• [Raw data]

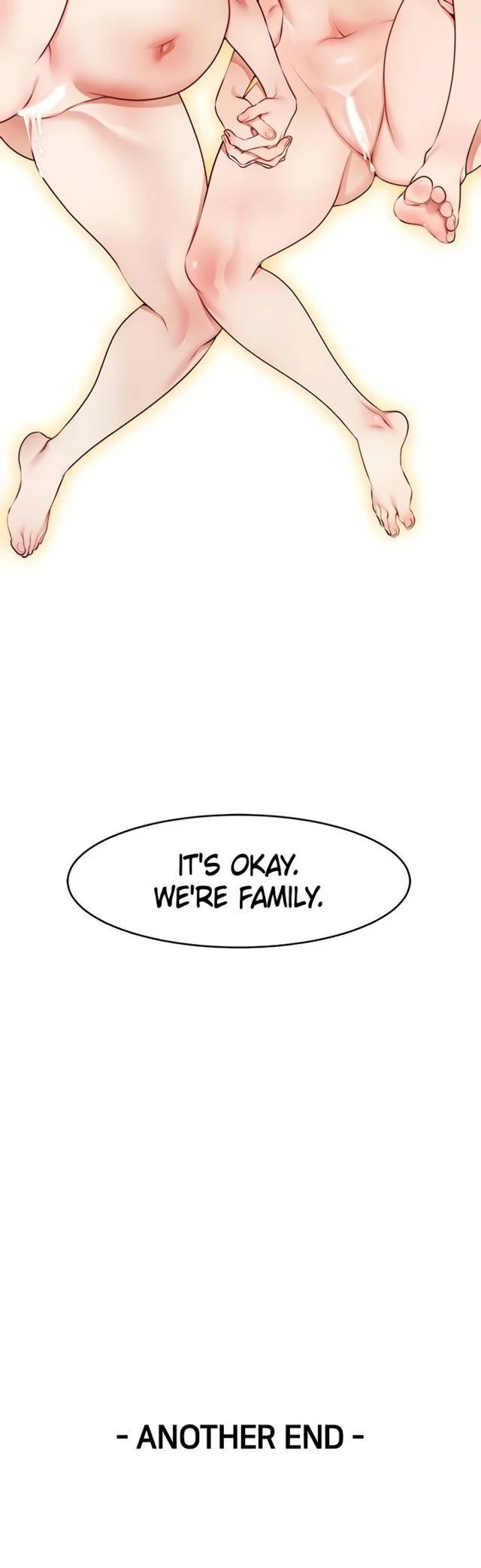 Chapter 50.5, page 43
==
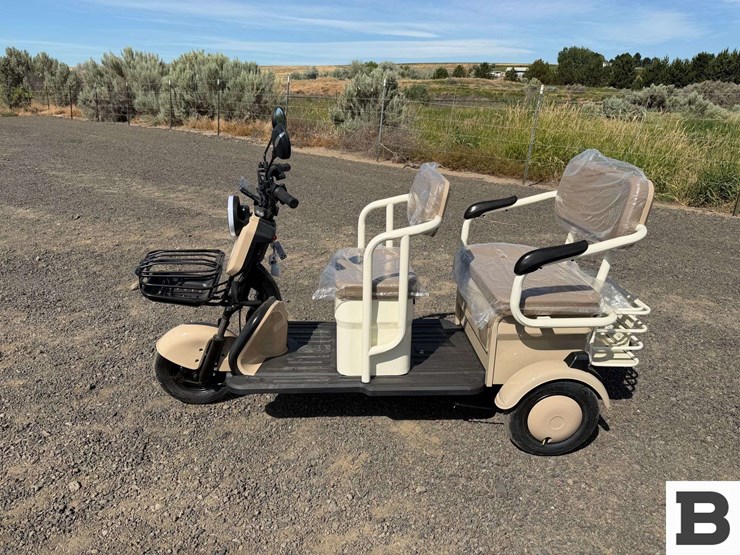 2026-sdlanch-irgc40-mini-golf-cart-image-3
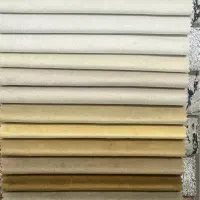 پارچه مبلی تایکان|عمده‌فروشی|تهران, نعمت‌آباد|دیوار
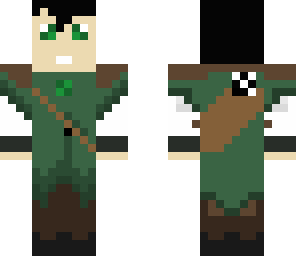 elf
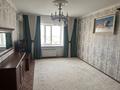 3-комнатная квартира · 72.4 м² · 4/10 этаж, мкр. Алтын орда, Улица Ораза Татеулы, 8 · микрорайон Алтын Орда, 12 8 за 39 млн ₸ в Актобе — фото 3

• [What to do] Now transcribe the lines above exactly, starting at the line containing "2026-sdlanch-irgc40-mini-golf-cart-image-3" and ending at the line containing "3-комнатная квартира ·", both lines included, pictures excluded.

• [Solved exercise]
 2026-sdlanch-irgc40-mini-golf-cart-image-3
 پارچه مبلی تایکان|عمده‌فروشی|تهران, نعمت‌آباد|دیوار
 elf
 3-комнатная квартира · 72.4 м² · 4/10 этаж, мкр. Алтын орда, Улица Ораза Татеулы, 8 · микрорайон Алтын Орда, 12 8 за 39 млн ₸ в Актобе — фото 3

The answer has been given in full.